• _Supplied data_:

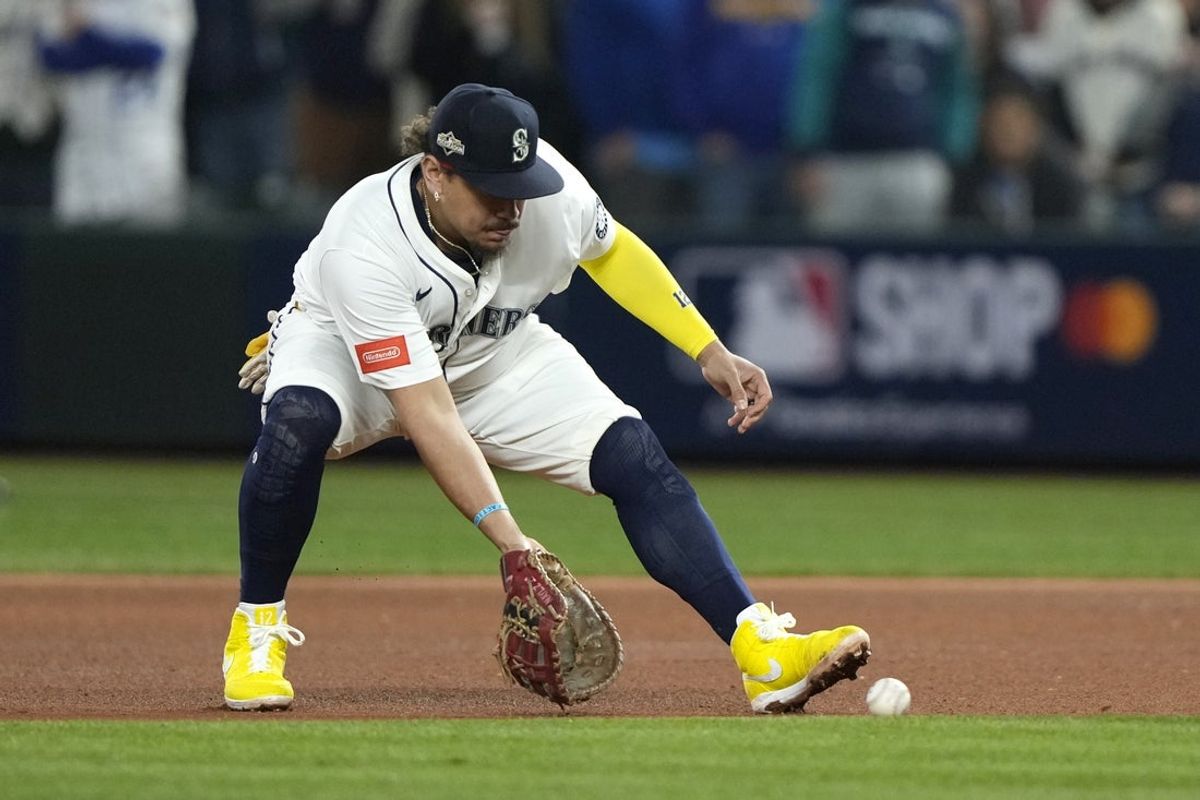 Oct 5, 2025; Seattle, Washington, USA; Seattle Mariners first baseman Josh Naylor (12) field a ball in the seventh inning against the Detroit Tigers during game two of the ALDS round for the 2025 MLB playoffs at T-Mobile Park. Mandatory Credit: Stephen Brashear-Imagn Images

==

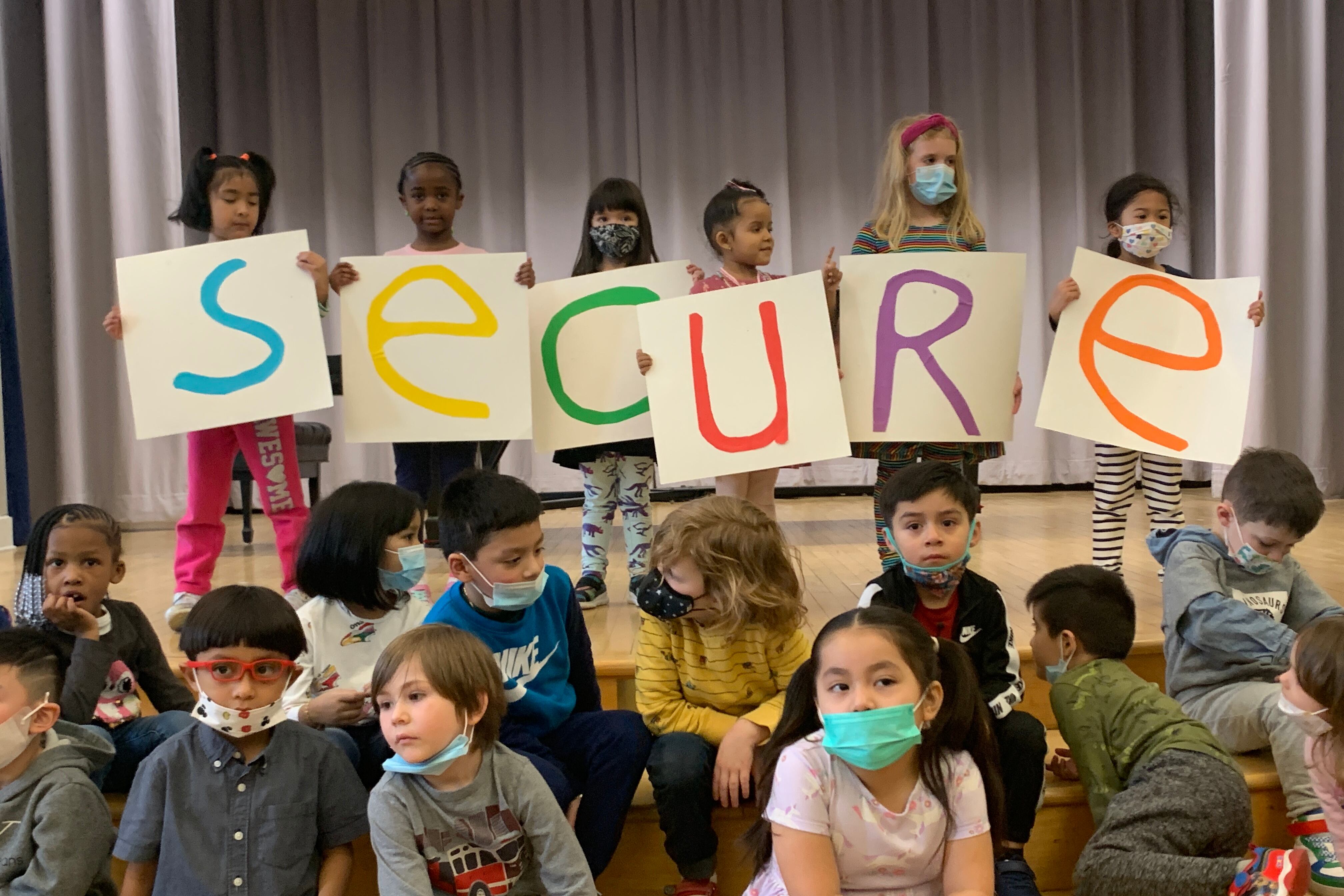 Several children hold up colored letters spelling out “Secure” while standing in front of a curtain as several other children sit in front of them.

...

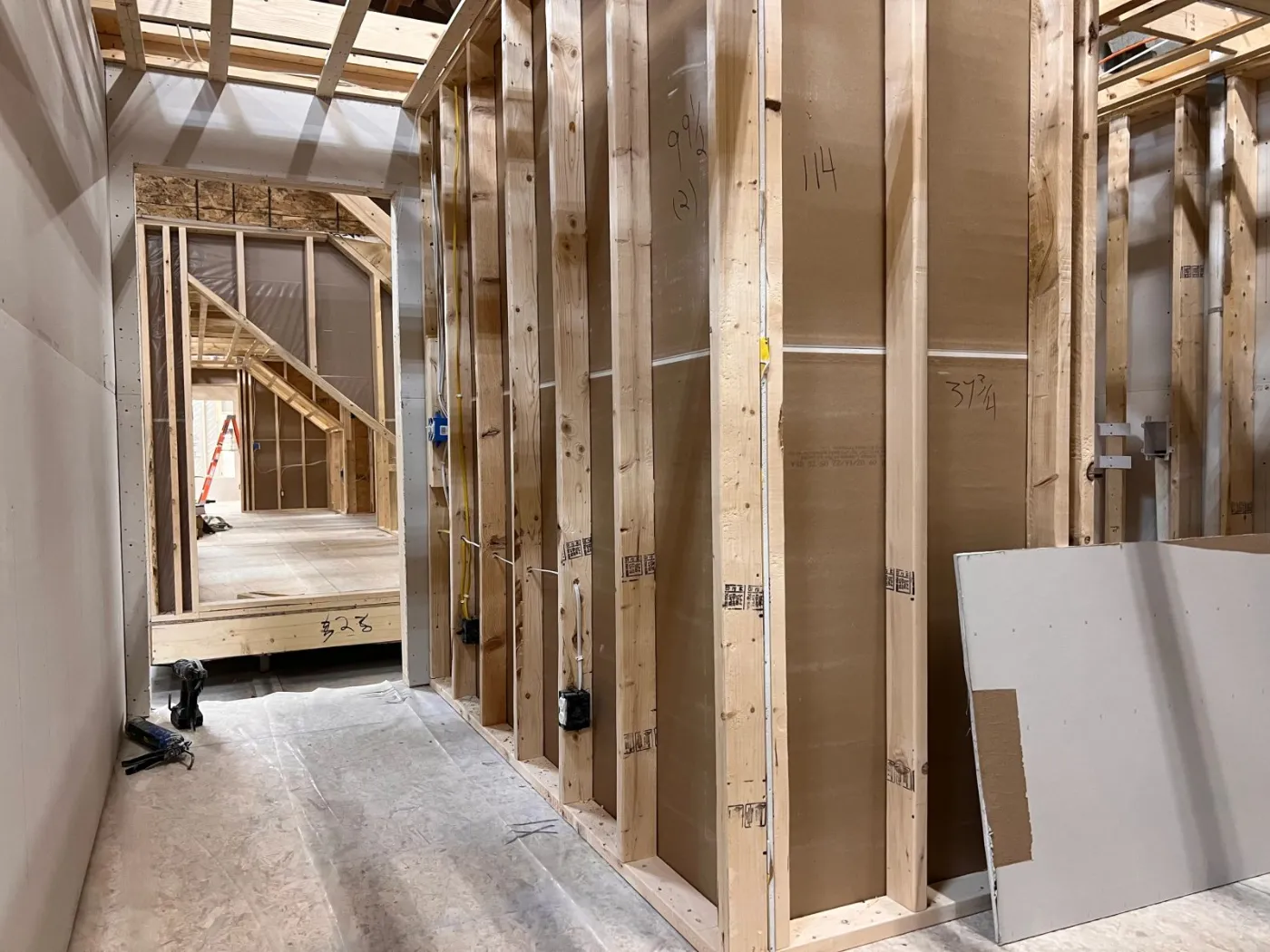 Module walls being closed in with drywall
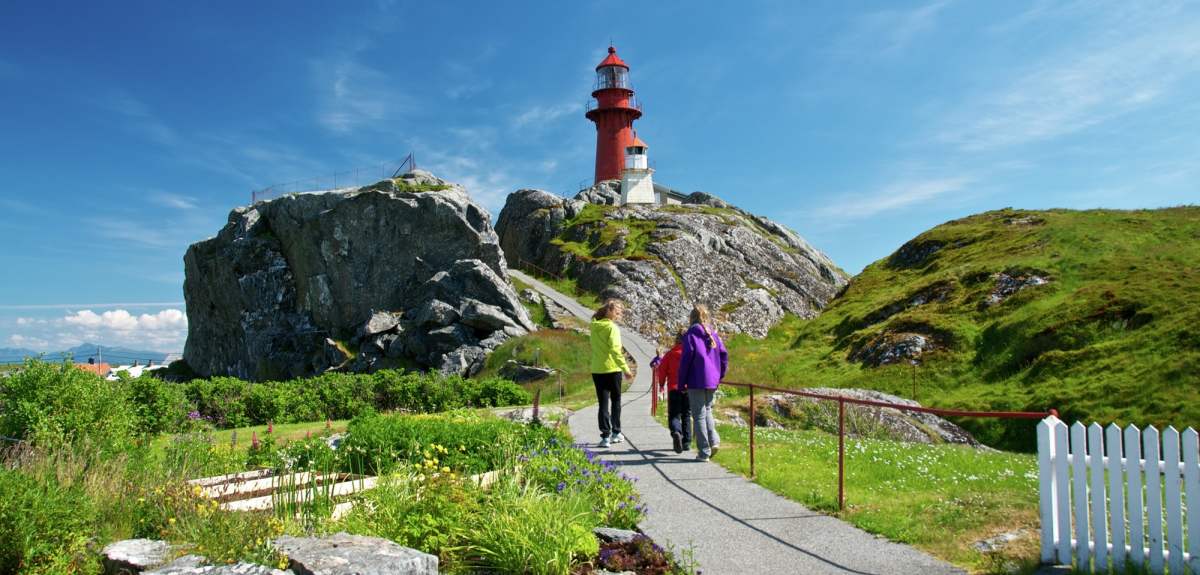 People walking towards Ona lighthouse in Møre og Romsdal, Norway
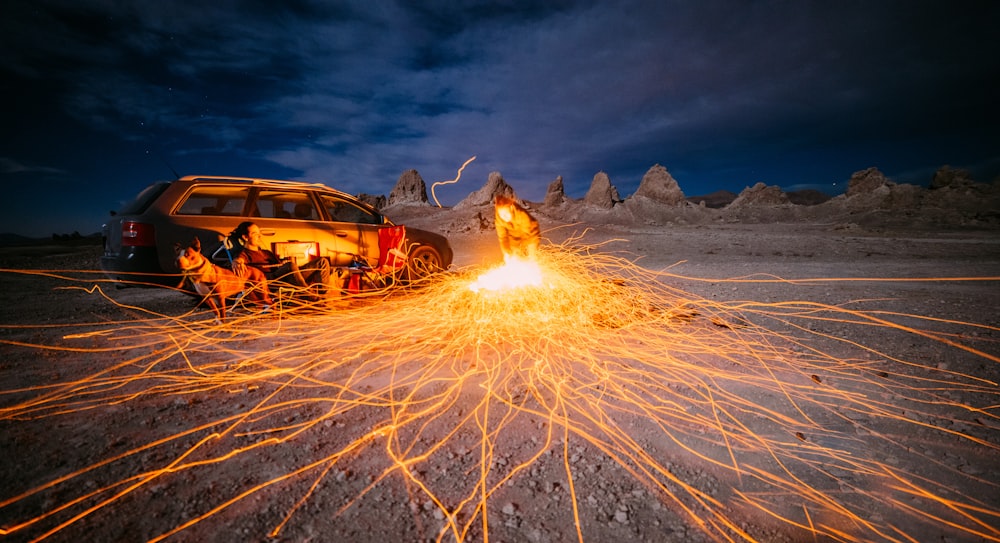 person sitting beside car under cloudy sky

• _Task description_:
Leave the pictures out. Output, exactly, the lines of the material above starting at the line containing "People walking towards" and ending at the line containing "person sitting beside car under cloudy sky".

• _Response_:
 People walking towards Ona lighthouse in Møre og Romsdal, Norway
 person sitting beside car under cloudy sky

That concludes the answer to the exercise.